The rate hike will likely make many food items and commodities more expensive. Arnab would have none of it. “The ruling BJP that made tall promises of GST being the solution to aam aadmi’s problem must answer why is this happening?” the anchor thundered in the opening monologue of his show, The Debate with Arnab Goswami. “How much more should the common tax paying citizen suffer and pay for?”

When GST was rolled out, Arnab recalled, the Modi government had declared that they would not tax basic commodities. Now, they were. “Were they under any compulsion to do so?” Arnab asked RK Misra, a Carnegie India nonresident scholar he had brought on to “debate” the matter, along with consumer policy expert Bejon Misra, Congress party’s Sankara Guha, Samajwadi Party’s Abbas Haider, BJP’s Sanju Verma, and the Hindu nationalist Twitter personality Rishi Bagree.

Misra replied that it was the wrong decision.

Arnab then listed out some of the things that the GST rate hike will likely make dearer for the consumer – rice, milk, LED lamps, pencil sharpeners - and asked Sanju Verma for an explanation. “You are touching the lives of common people in a very basic way,” the TV anchor reminded her. Verma scarcely opened her mouth to answer but was shouted down by fellow panellist Misra. After she had mustered to string together a few sentences over the din, it was Arnab’s turn to yell, “You are the ruling party. Of course some tough questions will be asked to you.”

Verma replied in kind, going a full minute shouting back at and over Arnab, who it seemed would not stop to even breathe. If you are the kind of person to watch Arnab with any regularity – welcome to the club, champ! – you could be forgiven for thinking he had momentarily mistaken Verma for an opposition leader. But no, this was for real.

“You are not a messiah for the middle class,” Verma needled him.

“You want to make a single personal comment at me,” Arnab promptly retaliated, “I will hit back very hard.”

Presumably still riled, he continued, “I come from a very middle class family. I am an army officer’s son. I studied in a government school. I have gone through my education with scholarships, you have no right to comment on me personally.”

He earned an honest income and paid his taxes. Oh, and Verma’s own government had sent his company a letter declaring it one of the “best taxpayers” in the country. Quite what it means to be the “best taxpayer” Arnab didn’t explain. Verma didn’t offer an explanation either.

But enough of the man’s personal struggles.
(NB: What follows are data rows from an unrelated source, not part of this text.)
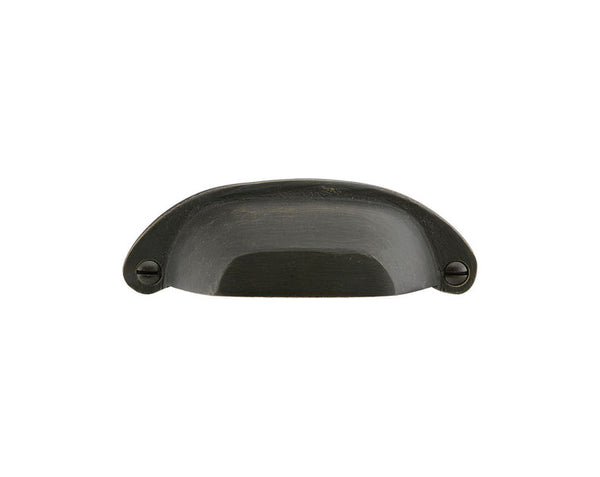 Emtek Sandcast Bronze Ranch Bin Pull - Sandcast Bronze Collection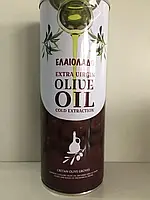 Оливковое масло рафинированное Elaiolado Extra Virgin, 1 л, Греция, для жарки, в жестяной банке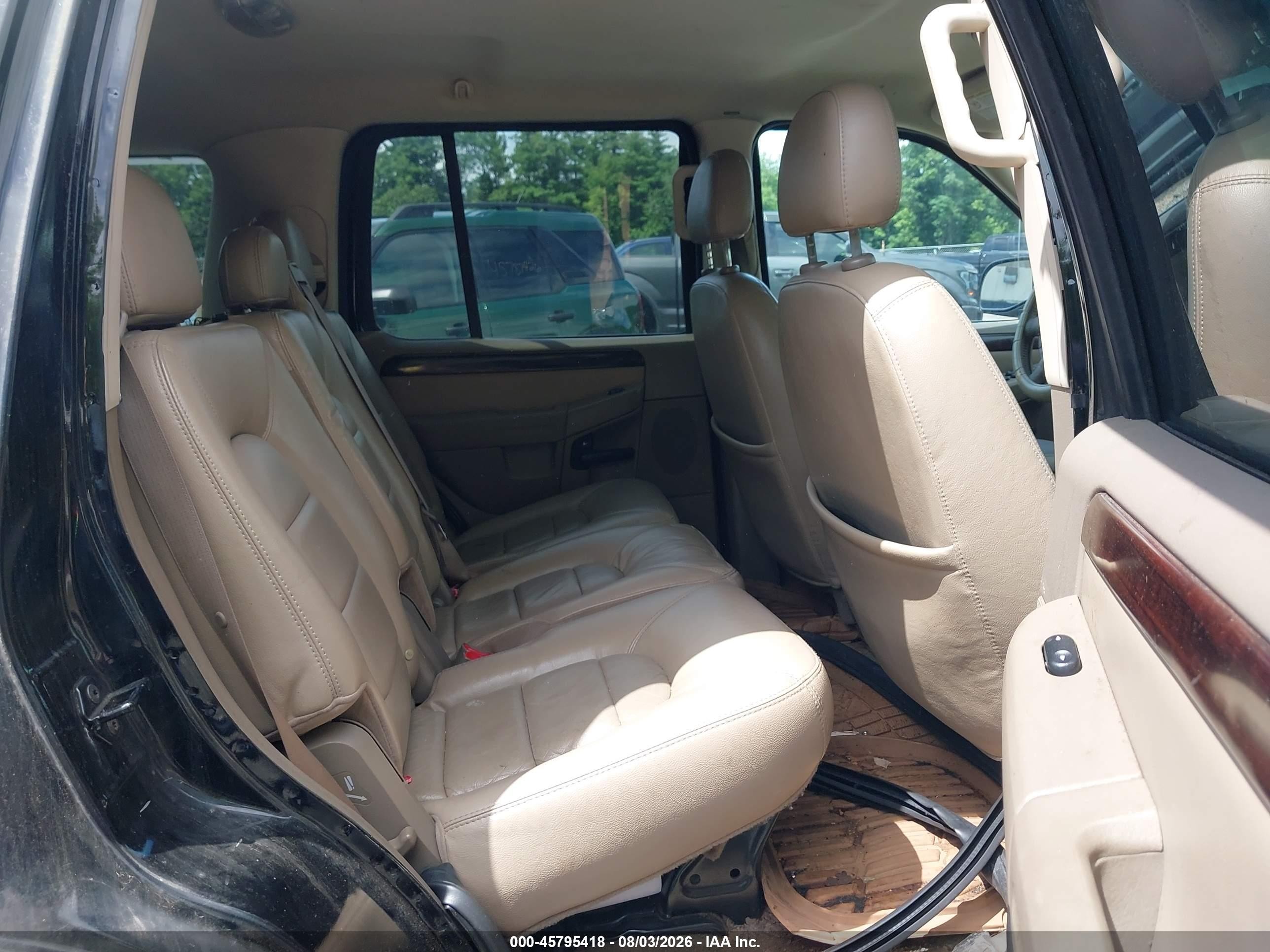 2005 Ford Explorer Limited Black vin: 1FMDU75WX5UB48888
Arnab dusted himself off – metaphorically, lest it needs clarifying – and asked Verma to explain why her government was reducing fuel prices on one hand and raising cereal prices on the other. The poser worked like a charm, for the “debate” instantaneously devolved into a shouting match. It took Arnab’s trademark yelling to restore some semblance of order. “The middle class of the country,” he thundered, “does not need to be given any more bitter pills.”

The Congress representative, cast in the unfamiliar role of not being Arnab’s main punching bag, declared that the finance ministry was a total failure. This wasn’t his assessment, mind, Guha hastily added, as if twisting the knife, he was quoting no less an authority than BJP grandee Subramanian Swamy. Would the BJP representative care to comment on Swamy’s dire analysis, Guha asked?

Verma duly obliged, and how! “Who the hell is Subramanian Swamy. He wanted Nirmala Sitaraman’s job”.

We half expected Arnab to ask if that would have been such a bad idea given the state of India’s economy. Such was the form he was in.

But Arnab is Arnab, as the cliche goes, old habits die hard.

He somehow found a way to bring up Rahul Gandhi and go at him. Putting on his psychoanalyst’s hat, Arnab declared that the Gandhi scion had failed to succeed as a political leader not because he had the misfortune of running into the anchor and coming out looking not so good, but because the Congressman had once remarked that poverty was a state of mind.

His nightly deed done, Arnab let the assembled talking heads shout at and over each other for a bit before turning to Guha, the opposition’s representative, “The opposition leaders sat in the GST council meeting and approved it, Sankara, why are you quiet now?”

He concluded by advising the government to reconsider the GST rate hike. “In the public good, politics is not good.”